What is expected – Copy out exactly the lines from the start of the data to the line containing "2015 New Style". Include both.

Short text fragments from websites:
'''

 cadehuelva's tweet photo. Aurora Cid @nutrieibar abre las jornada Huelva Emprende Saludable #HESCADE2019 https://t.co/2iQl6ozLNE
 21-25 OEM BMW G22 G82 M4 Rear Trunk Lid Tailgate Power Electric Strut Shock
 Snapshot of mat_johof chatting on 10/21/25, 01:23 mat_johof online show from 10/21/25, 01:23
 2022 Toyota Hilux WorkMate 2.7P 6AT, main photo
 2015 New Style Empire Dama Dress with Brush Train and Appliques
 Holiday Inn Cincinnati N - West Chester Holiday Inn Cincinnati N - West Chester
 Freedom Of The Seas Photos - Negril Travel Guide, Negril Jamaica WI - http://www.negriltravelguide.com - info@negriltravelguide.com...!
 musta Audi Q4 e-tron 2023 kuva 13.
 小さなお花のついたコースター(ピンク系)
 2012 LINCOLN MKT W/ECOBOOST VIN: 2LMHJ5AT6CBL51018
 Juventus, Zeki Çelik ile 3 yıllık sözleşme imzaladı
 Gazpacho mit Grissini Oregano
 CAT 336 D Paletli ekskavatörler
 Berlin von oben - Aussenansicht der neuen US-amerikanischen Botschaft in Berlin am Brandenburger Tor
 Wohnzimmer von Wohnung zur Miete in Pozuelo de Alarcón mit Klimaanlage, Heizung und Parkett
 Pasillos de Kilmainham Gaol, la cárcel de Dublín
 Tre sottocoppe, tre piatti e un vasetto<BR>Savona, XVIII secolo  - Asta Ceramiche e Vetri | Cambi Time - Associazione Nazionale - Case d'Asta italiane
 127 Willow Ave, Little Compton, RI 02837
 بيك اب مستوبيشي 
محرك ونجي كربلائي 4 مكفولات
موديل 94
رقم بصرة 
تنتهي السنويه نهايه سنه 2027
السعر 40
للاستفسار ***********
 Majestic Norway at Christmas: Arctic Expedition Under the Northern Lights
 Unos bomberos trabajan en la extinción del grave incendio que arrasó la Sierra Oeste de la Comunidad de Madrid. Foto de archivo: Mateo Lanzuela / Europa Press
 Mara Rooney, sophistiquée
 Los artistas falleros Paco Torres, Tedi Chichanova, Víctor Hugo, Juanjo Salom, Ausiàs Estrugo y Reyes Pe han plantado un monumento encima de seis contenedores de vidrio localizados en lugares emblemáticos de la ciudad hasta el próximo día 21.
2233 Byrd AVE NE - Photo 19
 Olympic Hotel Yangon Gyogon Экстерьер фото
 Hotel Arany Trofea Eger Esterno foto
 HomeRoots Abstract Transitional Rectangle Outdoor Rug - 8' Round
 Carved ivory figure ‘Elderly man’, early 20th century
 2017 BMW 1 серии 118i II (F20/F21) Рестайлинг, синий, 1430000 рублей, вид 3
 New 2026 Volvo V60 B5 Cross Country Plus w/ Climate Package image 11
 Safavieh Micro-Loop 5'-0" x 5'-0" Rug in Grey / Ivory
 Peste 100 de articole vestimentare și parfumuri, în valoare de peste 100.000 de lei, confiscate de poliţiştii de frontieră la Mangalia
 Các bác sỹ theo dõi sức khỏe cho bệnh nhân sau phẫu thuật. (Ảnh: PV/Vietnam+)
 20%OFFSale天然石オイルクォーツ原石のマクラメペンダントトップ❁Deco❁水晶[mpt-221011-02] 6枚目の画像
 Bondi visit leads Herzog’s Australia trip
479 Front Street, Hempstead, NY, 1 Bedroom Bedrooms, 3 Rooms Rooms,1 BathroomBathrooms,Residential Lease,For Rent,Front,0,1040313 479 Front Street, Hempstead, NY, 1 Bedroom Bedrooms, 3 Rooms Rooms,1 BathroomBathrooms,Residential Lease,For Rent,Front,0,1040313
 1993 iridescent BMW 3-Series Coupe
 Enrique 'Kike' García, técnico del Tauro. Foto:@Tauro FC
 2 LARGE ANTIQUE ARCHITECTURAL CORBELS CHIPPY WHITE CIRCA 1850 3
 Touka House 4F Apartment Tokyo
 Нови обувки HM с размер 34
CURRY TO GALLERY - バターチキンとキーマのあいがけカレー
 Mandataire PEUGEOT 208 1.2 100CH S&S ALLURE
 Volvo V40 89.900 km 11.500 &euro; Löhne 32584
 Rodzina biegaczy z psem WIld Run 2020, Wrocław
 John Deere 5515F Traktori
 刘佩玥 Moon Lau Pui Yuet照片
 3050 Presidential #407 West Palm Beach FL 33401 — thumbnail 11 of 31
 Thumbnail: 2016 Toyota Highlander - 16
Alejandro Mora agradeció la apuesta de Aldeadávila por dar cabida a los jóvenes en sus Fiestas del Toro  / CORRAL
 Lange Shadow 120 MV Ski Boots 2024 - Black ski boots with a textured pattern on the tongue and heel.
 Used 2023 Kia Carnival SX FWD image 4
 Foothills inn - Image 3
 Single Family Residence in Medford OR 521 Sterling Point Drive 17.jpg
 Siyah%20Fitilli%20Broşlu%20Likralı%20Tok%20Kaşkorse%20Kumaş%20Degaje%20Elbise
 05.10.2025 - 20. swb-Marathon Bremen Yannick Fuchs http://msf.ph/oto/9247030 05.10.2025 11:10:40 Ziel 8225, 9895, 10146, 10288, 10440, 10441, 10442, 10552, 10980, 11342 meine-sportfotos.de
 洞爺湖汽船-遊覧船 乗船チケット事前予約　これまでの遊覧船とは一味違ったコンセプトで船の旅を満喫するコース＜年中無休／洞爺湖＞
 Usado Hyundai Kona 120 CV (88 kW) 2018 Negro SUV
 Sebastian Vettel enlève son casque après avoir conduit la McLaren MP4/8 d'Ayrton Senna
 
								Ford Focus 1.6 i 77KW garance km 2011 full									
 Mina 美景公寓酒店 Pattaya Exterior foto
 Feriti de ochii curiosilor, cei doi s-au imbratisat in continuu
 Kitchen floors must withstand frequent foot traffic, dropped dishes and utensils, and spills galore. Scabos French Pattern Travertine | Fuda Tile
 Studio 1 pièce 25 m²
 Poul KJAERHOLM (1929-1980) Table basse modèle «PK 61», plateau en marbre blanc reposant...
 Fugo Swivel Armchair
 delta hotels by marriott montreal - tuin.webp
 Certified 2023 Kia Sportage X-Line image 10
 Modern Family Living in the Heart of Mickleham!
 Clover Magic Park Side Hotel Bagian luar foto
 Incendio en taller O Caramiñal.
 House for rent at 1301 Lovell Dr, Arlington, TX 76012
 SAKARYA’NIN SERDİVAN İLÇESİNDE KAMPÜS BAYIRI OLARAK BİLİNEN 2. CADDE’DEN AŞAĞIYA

'''

Your solution –
 cadehuelva's tweet photo. Aurora Cid @nutrieibar abre las jornada Huelva Emprende Saludable #HESCADE2019 https://t.co/2iQl6ozLNE
 21-25 OEM BMW G22 G82 M4 Rear Trunk Lid Tailgate Power Electric Strut Shock
 Snapshot of mat_johof chatting on 10/21/25, 01:23 mat_johof online show from 10/21/25, 01:23
 2022 Toyota Hilux WorkMate 2.7P 6AT, main photo
 2015 New Style Empire Dama Dress with Brush Train and Appliques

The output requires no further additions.